How to Find Your Netflix Freeloaders and Boot Them Out

With Netflix's recent price hike announcement, you may be taking stock of all the streaming accounts you pay for every month.

It's no secret that the easiest way to cut down without sacrificing Blue Planet is to share logins with friends, family, or your neighbor's cousin's coworker. The Greatest Generation had party lines, and millennials have communal cord-cutting.

No judgment here if you're voluntarily sharing your Hulu or Netflix or Spotify account. But through word of mouth, a lot of people with mounting degrees of separation can all end up piling on pretty quickly, without your knowledge or consent. This is when you start to get interlopers—ex-romantic partners, distant mutual friends, someone's dry cleaner. (A few years ago I looked at the list of devices registered on the friend's Hulu account I've freeloaded off of since 2011. There were more than 90.)

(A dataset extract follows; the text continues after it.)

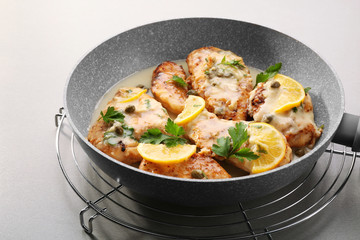 Frying pan with delicious chicken piccata on grey table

The risk goes beyond just your extended social circle. Shared accounts frequently rely on old or easy-to-remember passwords, and many streaming services don't offer two-factor authentication. All of this allows for seamless sharing, but also makes it easier for attackers to guess passwords or find credentials in data breaches that you may have reused for a streaming account or two. If you're not watching, hackers—or anyone looking for a Friends fix—could be using your accounts anywhere in the world. More brazen freeloaders could even charge extras to your credit card or steal the personal data in your profile.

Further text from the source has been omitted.